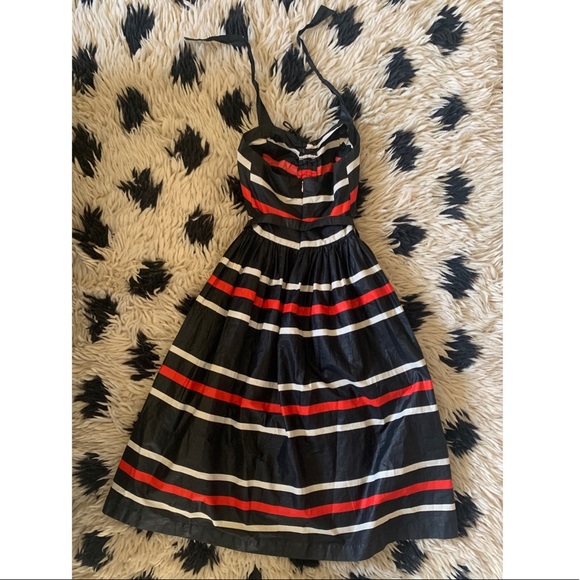 STRIPED HALTER PIN-UP ROCKABILLY DRESS - Picture 3 of 4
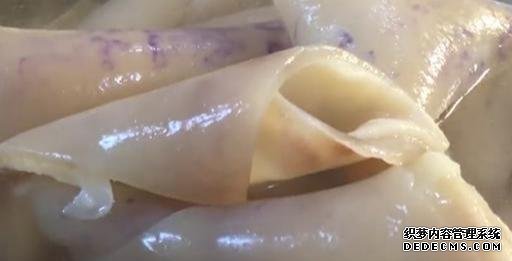 猪皮别再做猪皮冻了,教你新吃法,1瓶啤酒搞定,好吃好看又好做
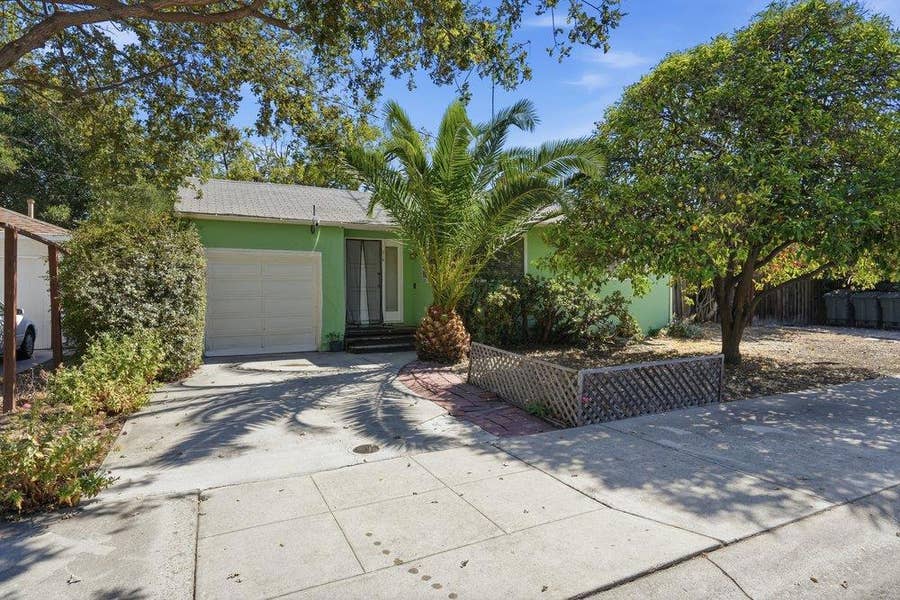 Property photo for 216 Bartlett, Sunnyvale, CA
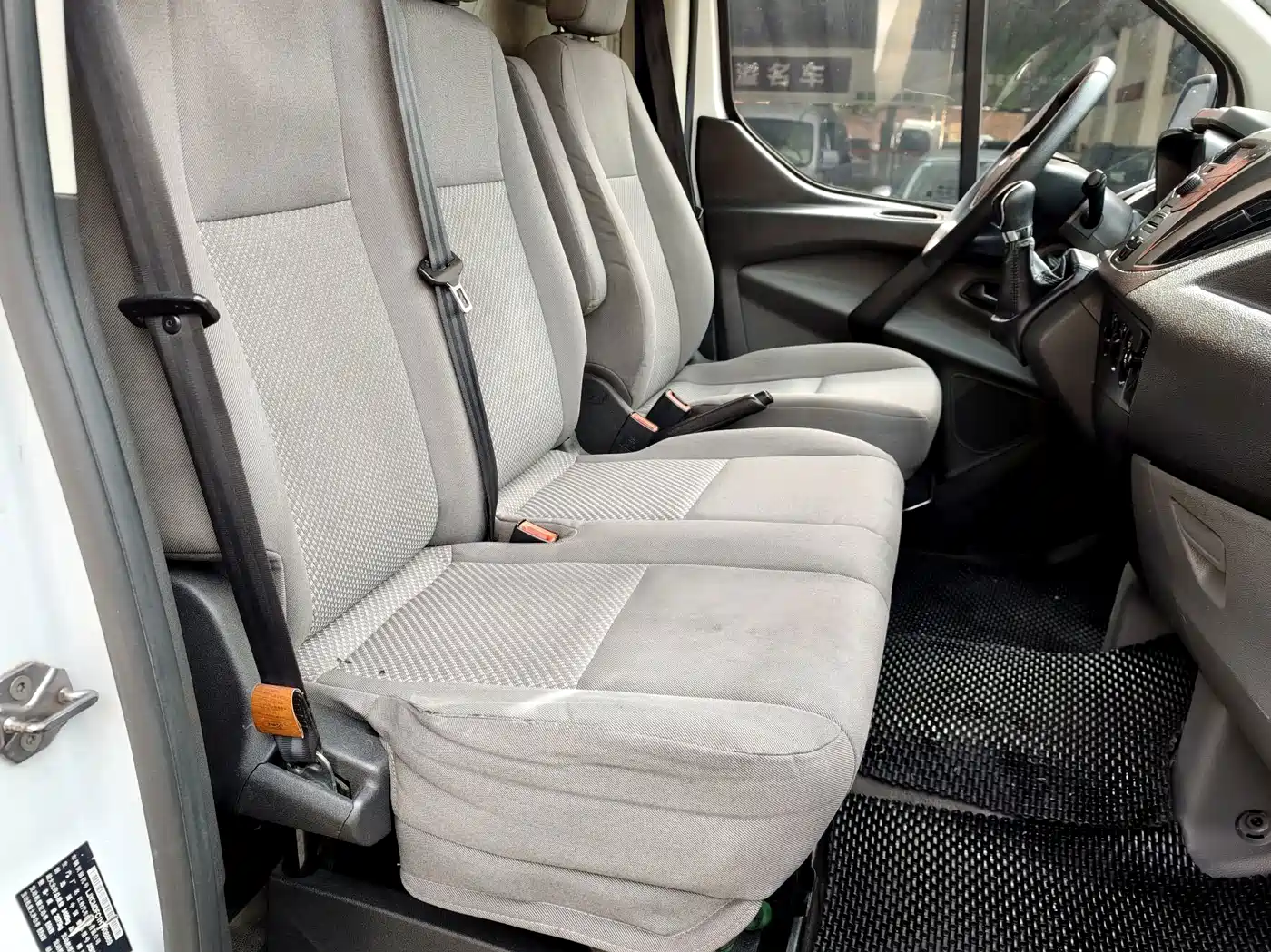 Ford Transit 2017 2017 2.0T Diesel Van Medium Wheelbase Medium Roof China V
==========
▸ **Problem details**
Everything but the pictures is needed: copy the data above exactly.

▸ **Result**
 STRIPED HALTER PIN-UP ROCKABILLY DRESS - Picture 3 of 4
 猪皮别再做猪皮冻了,教你新吃法,1瓶啤酒搞定,好吃好看又好做
 Property photo for 216 Bartlett, Sunnyvale, CA
 Ford Transit 2017 2017 2.0T Diesel Van Medium Wheelbase Medium Roof China V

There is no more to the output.